Sofort kommen einem auch eventuelle Filmvorbilder in den
Kopf. Von Quentin Tarantinos Kino-Attentat in Inglorious Basterds zu dem
Scharfschützen in Targets von Peter
Bogdanovich, der von der Spitze einer Kinoleinwand aus auf Menschen in einem
Autokino schießt. All diese Szenen werden in einem neuen Kontext gestellt
werden, aber wenn man diesem Drang folgt, ist das verheerend. Dann setzt man
die Realität und die Filme in einer Art und Weise gleich, die dem Amoklauf
selbst gleicht. Verheerend ist auch, dass der neue Batman-Film immer im
Schatten dieser Tragödie stehen wird. Aber das ist unvermeidbar.
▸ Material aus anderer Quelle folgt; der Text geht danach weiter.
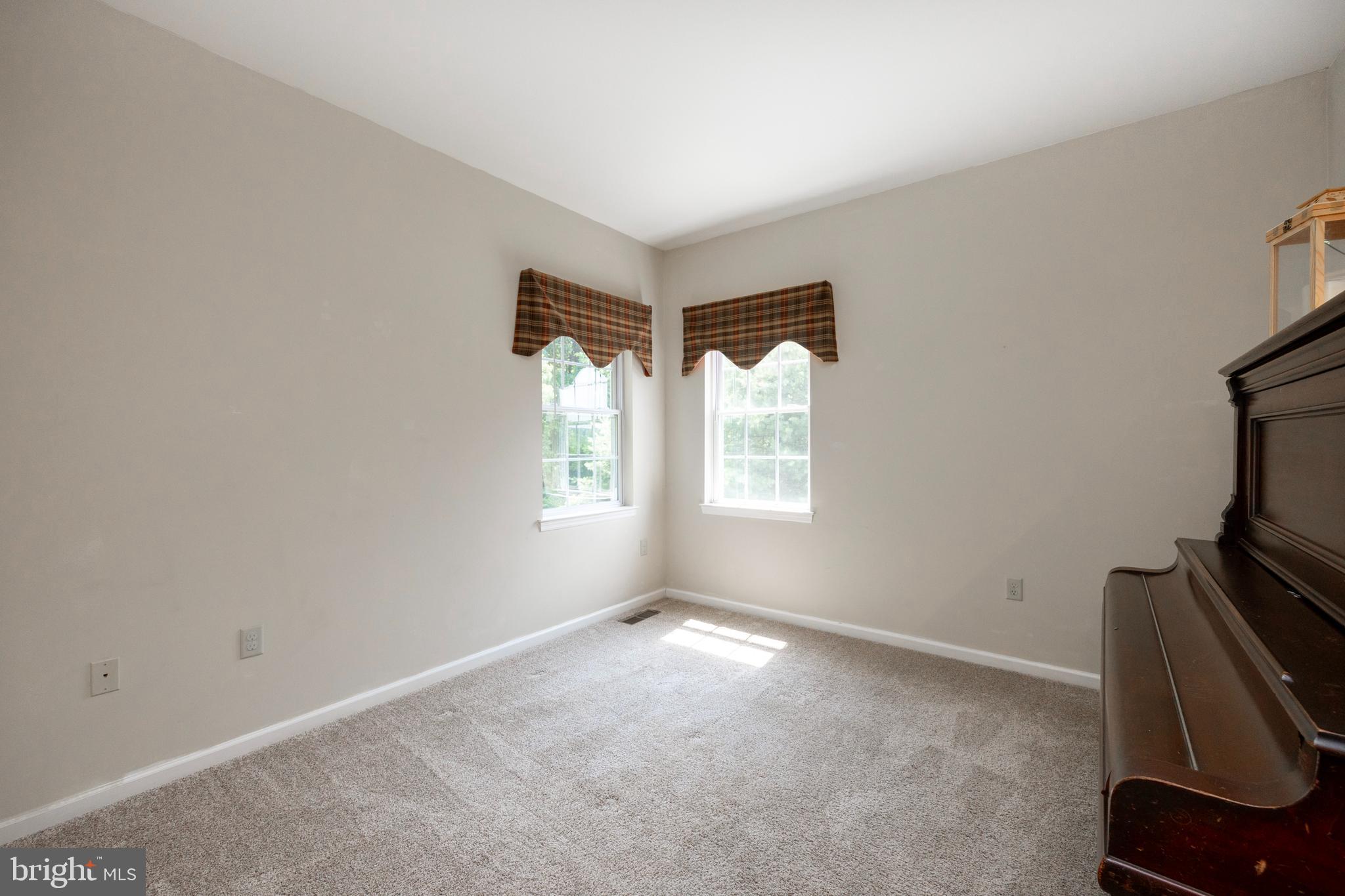 HILLBROOK FARMS - Residential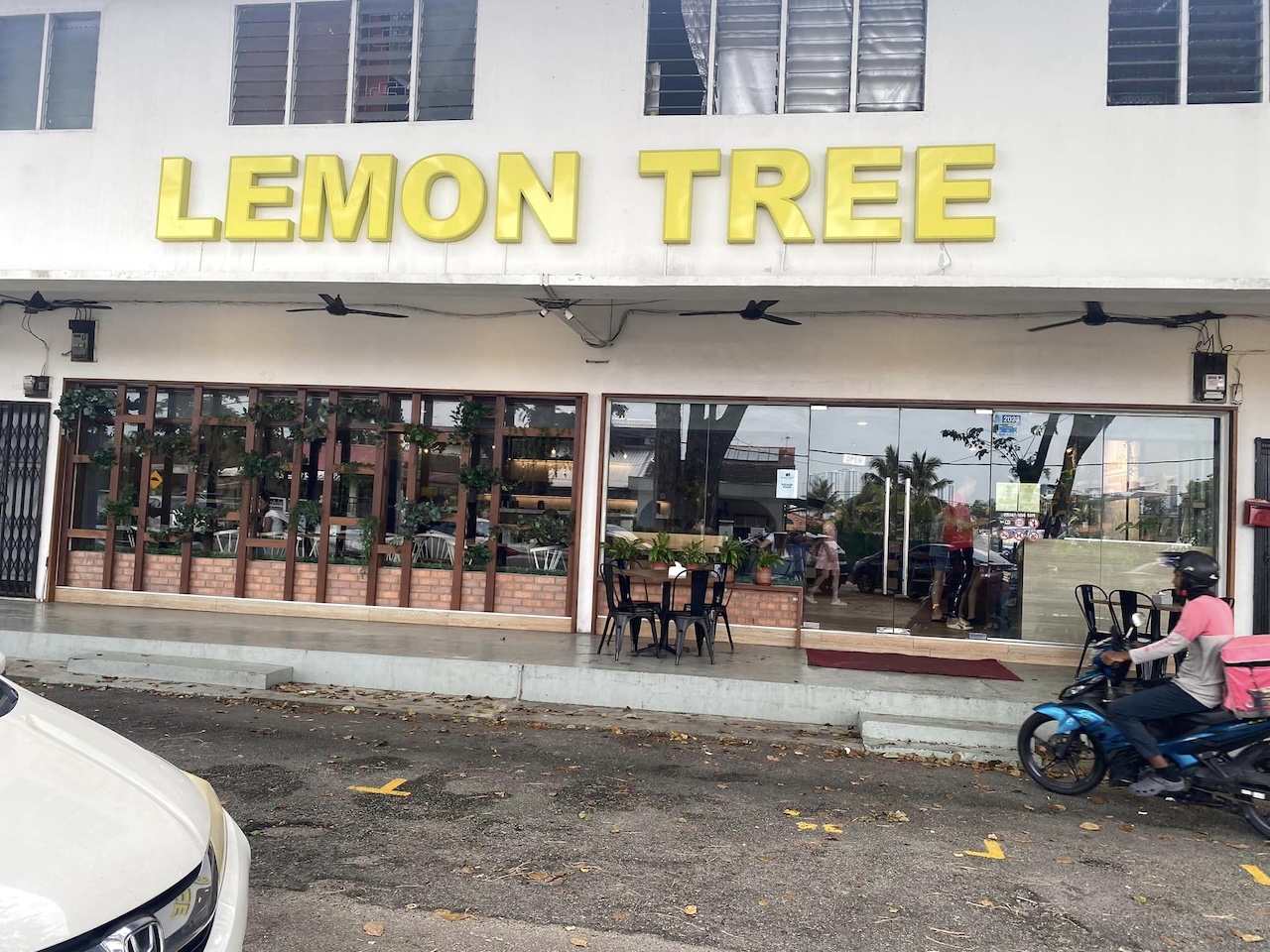 Lemon Tree Restaurant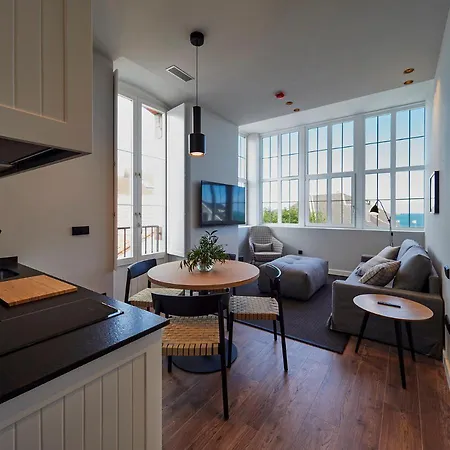 18 Apartment *
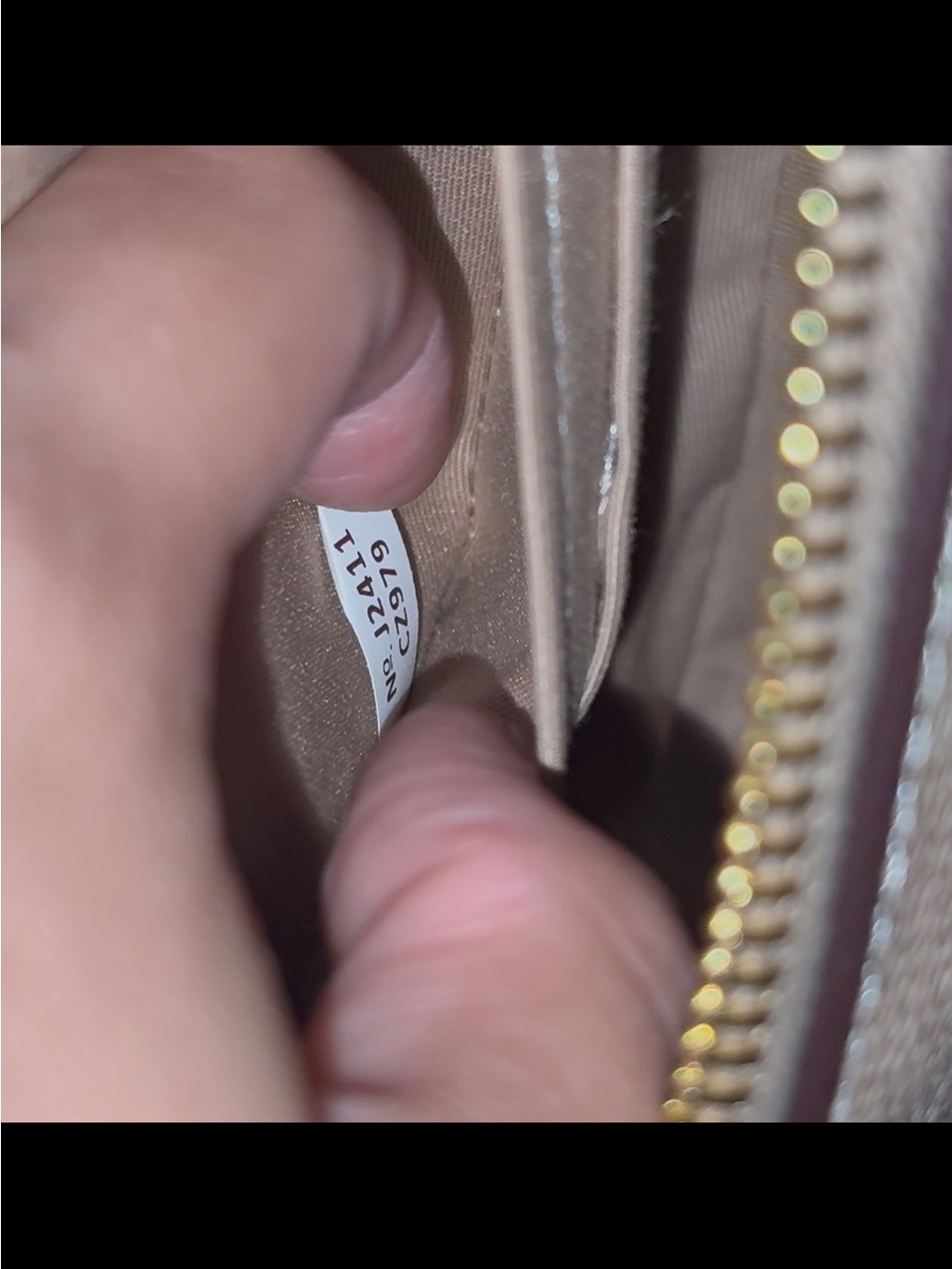 Coach Blush Pink Signature Shoulder Bag with Gold Heart-Link Strap - Picture 6 of 6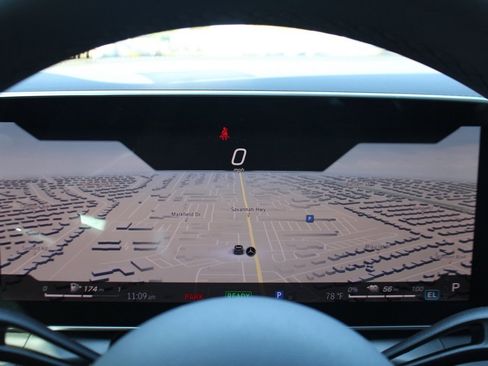 Certified 2025 Mercedes-Benz GLC 350e 4MATIC image 14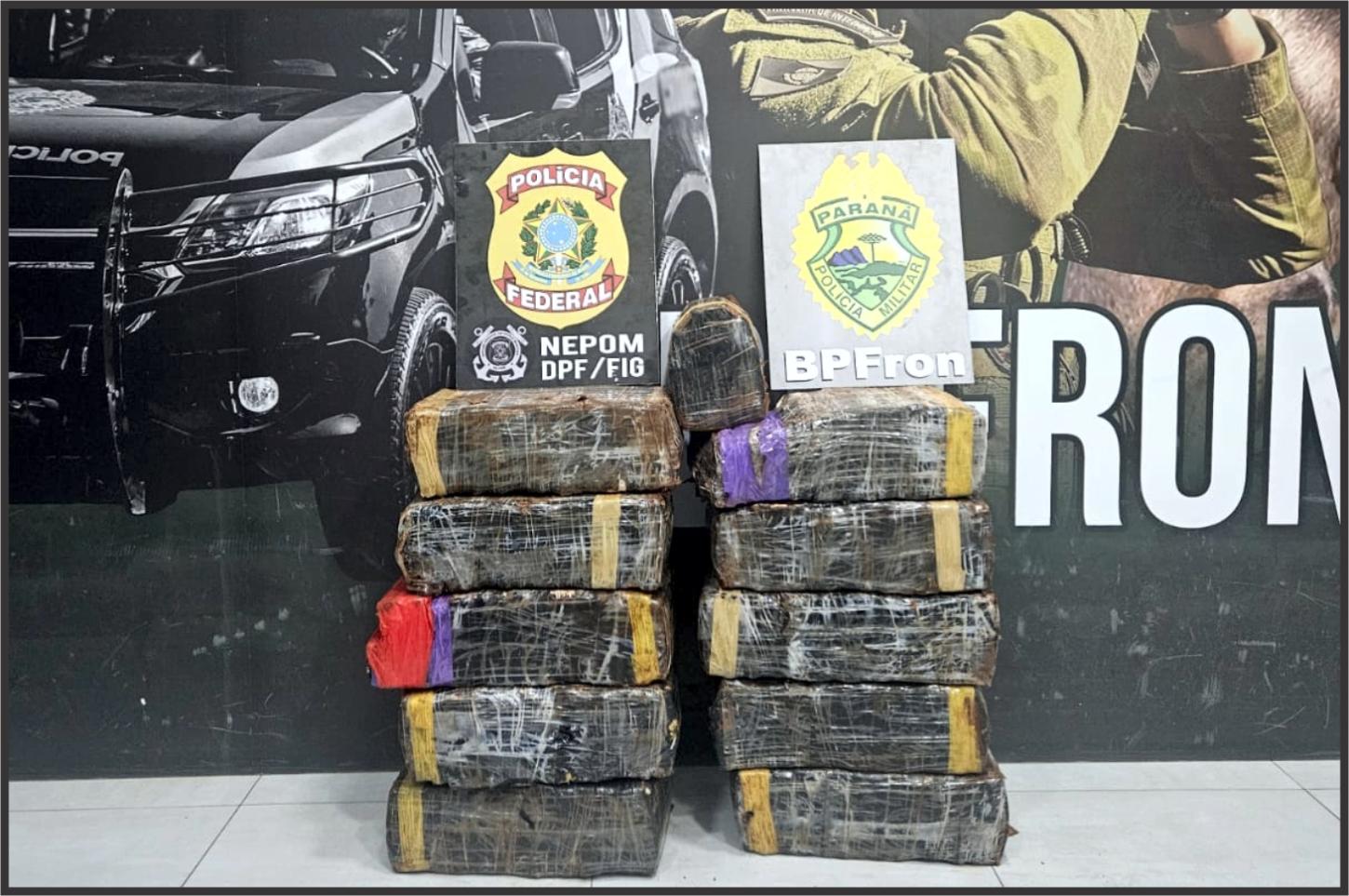BPFRON e Polícia Federal apreendem mais de 200 kg de maconha e prendem dois suspeitos na PR-323, em Perobal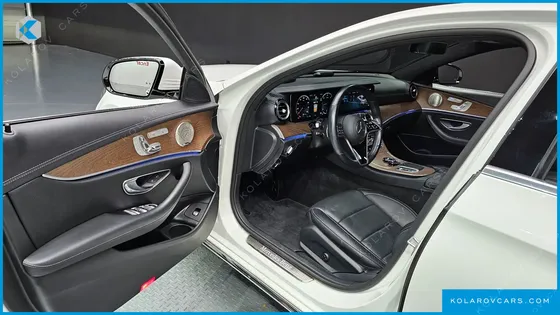 MERCEDES E-CLASS E220D 4MATIC EXCLUSIVE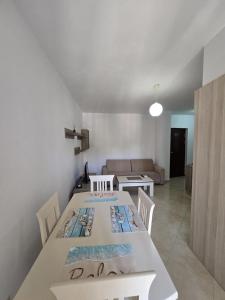 Arons Apartment 37, 6th floor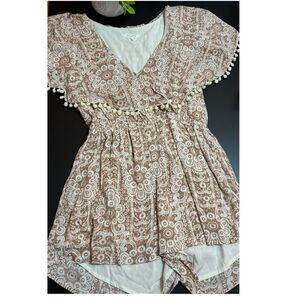 Honey Belle womens Boho Style Romper size Large EUC feminine vacation
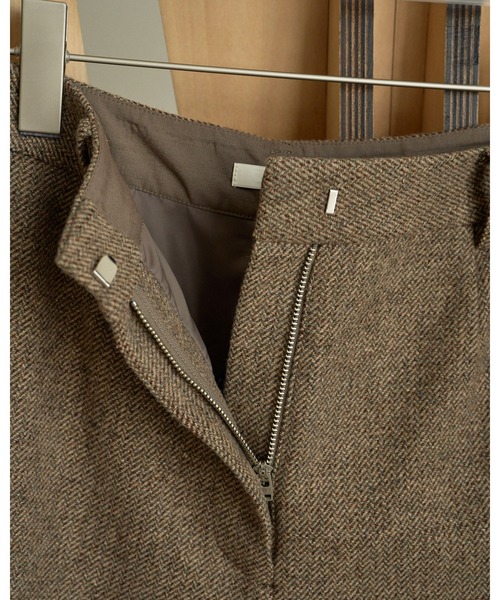 anuke(アンヌーク)の「Herringbone Short Pants(その他パンツ・レディース・ベージュ/チャコールグレー・36inch/38inch)」の9枚目の写真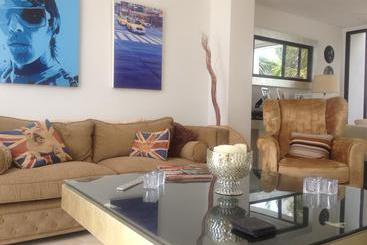 استراحتگاه Tyne Beach Terrace Apartments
Das Kino ist
auch deshalb so verletzlich, weil es wiederholbar ist. Der Film läuft immer
gleich ab. Wenn wir in Deutschland diese Woche ins Kino gehen und uns den Film
ansehen werden wir dieselben Bilder sehen, dieselben Töne hören, vielleicht
sogar ein ähnliches Gefühl haben, wie die Zuseher in Aurora zu Beginn des
Films. Es wirkt so unwichtig das Hervorzuheben, aber es ist Teil dieser
Tragödie und Bestandteil des kulturellen Schocks, den sich die Filmlandschaft
jetzt gegenübergestellt sieht. Was man machen kann und meiner Meinung nach auch
machen sollte, ist es den Film von dieser Tat (so gut es geht) zu trennen. Es
war kein Angriff des Kinos, es war der Angriff eines grausamen Menschen. Der
Ort, den er sich dafür ausgesucht hat, ist hoffnungsfroh und unschuldig.